Russland hat nach Beginn des Krieges gegen die Ukraine erstmals offen mit einem Gas-Lieferstopp durch die Ostsee-Pipeline Nord Stream 1 gedroht. "Wir haben das volle Recht, eine 'spiegelgerechte' Entscheidung zu treffen und ein Embargo zu erlassen auf die Durchleitung des Gases durch die Pipeline Nord Stream 1, die heute maximal mit 100 Prozent ausgelastet ist". Das sagte der russische Vize-Regierungschef Alexander Nowak in einer am späten Montagabend ausgestrahlten Rede im Staatsfernsehen.
Er äußerte sich mit Blick auf die gestoppte Leitung Nord Stream 2, deren Inbetriebnahme Russland anstrebt. "Aber noch treffen wir diese Entscheidung nicht. Niemand gewinnt dabei", sagte Nowak. Russland sehe sich inzwischen durch die europäischen Politiker und ihre Anschuldigungen in diese Richtung gestoßen. Die Bundesregierung hatte die umstrittene Pipeline gestoppt, nachdem Russland am 24. Februar in die Ukraine einmarschiert war. Russland verfolge die Äußerungen westlicher Politiker, die sich von russischem Gas und Öl lösen wollten, meinte Nowak. Die EU-Politiker würden durch ihre Handlungen die Energiepreise inzwischen überhitzen.

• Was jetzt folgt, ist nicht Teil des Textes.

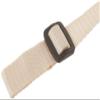 TRIPLE THREAT Flag Football Belts, Yellow, Medium (EACH) view 4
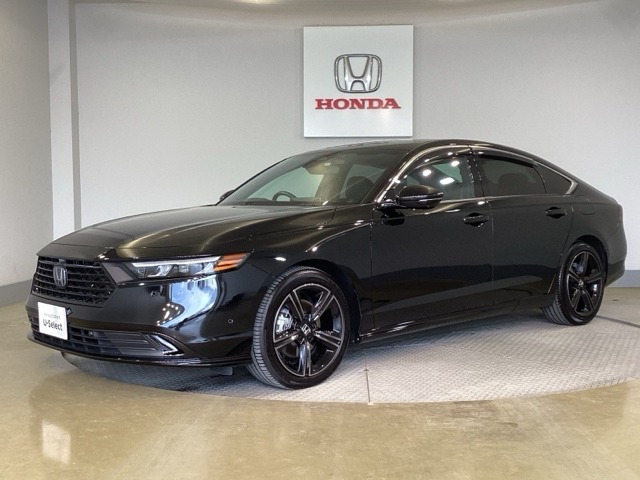 アコード2.0 e:HEV ホンダ センシング 360プラス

Neue Absatzmärkte für Russland
Russland gilt als größter Öllieferant in Europa - mit 30 Prozent des jährlichen Verbrauchs von 500 Millionen Tonnen. "Es ist völlig offensichtlich, dass der Verzicht auf russisches Öl zu katastrophalen Folgen auf dem Weltmarkt führt", betonte Nowak. Er sagte Preise von rund 300 US-Dollar je Barrel Öl voraus. Momentan liegt der Preis bei rund 125 US-Dollar.
"Die europäischen Politiker sollten ihre Bürger und Verbraucher ehrlich davor warnen, dass die Preise dann fürs Tanken, für Strom und für das Heizen in die Höhe schießen." Die Rohstoffmacht sei vorbereitet und werde andere Absatzmärkte als Europa und die USA finden, sagte Nowak. "Europa verbraucht heute 500 Milliarden Kubikmeter Gas im Jahr, 40 Prozent davon sichert Russland", erklärte der Politiker.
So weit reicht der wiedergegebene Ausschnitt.